Assessments on all persons liable to tax.

169.   Where under this Act any person is liable to pay tax, the Commissioner may make an assessment of the amount of such tax.

Amendment of assessments.

Cf. I.T.A., s. 34 (1.), (1a.), (3.).

170.—(1.)   The Commissioner may, subject to this section, at any time amend any assessment by making such alterations therein or additions thereto as he thinks necessary, notwithstanding that tax may have been paid in respect of the assessment.

(2.)  Where a taxpayer has not made to the Commissioner a full and true disclosure of all the material facts necessary for his assessment, and the Commissioner is of opinion that there has been an avoidance of tax, the Commissioner may—

(a) where he is of opinion that the avoidance of tax is due to fraud or evasion—at any time; and

(b) in any other case—within six years from the date upon which the tax became due and payable under the assessment,

amend the assessment by making such alterations therein or additions thereto as he thinks necessary to correct an error in calculation or a mistake of fact or to prevent avoidance of tax as the case may be.

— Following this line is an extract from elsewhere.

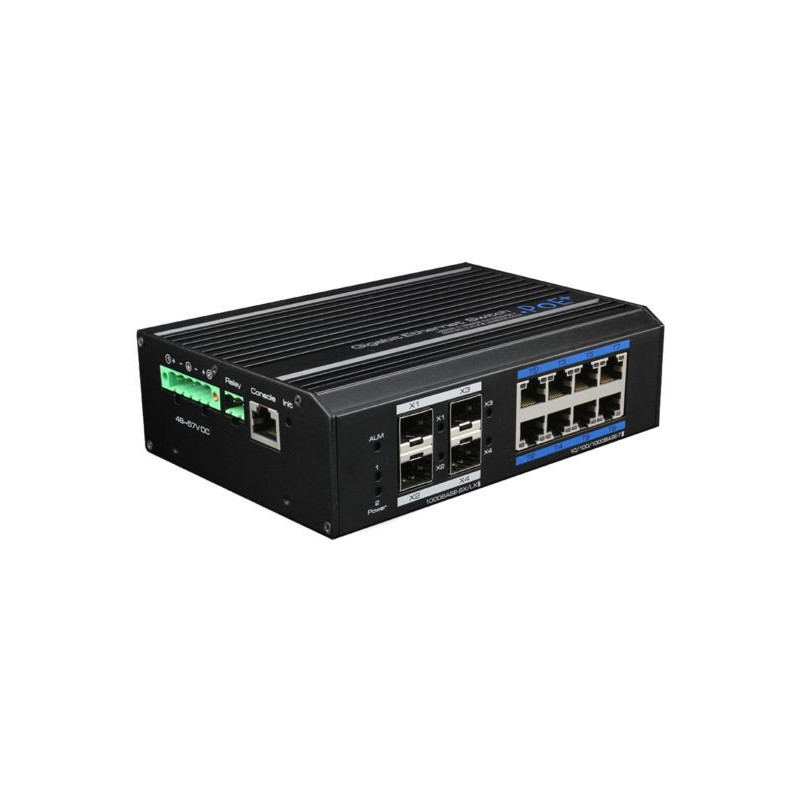 S45834-B0 - ELBAC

(3.)  Where a taxpayer has made to the Commissioner a full and true disclosure of all the material facts necessary for his assessment, and an assessment is made after that disclosure, no amendment of the assessment increasing the liability of the taxpayer in any particular shall be made except to correct an error in calculation or a mistake of fact; and no such amendment shall be made after the expiration of three years from the date upon which the tax became due and payable under that assessment.

(4.)  No amendment effecting a reduction in the liability of a taxpayer under an assessment shall be made except to correct an error in calculation or a mistake of fact; and no such amendment shall be made after the expiration of three years from the date upon which the tax became due and payable under that assessment.

(5.)  Where an assessment has, under this section, been amended in any particular, the Commissioner may, within three years from the date upon which the tax became due under the amended assessment make, in or in respect of that particular, such further amendment


 

in the assessment as, in his opinion, is necessary to effect such reduction in the liability of the taxpayer under the assessment as is just.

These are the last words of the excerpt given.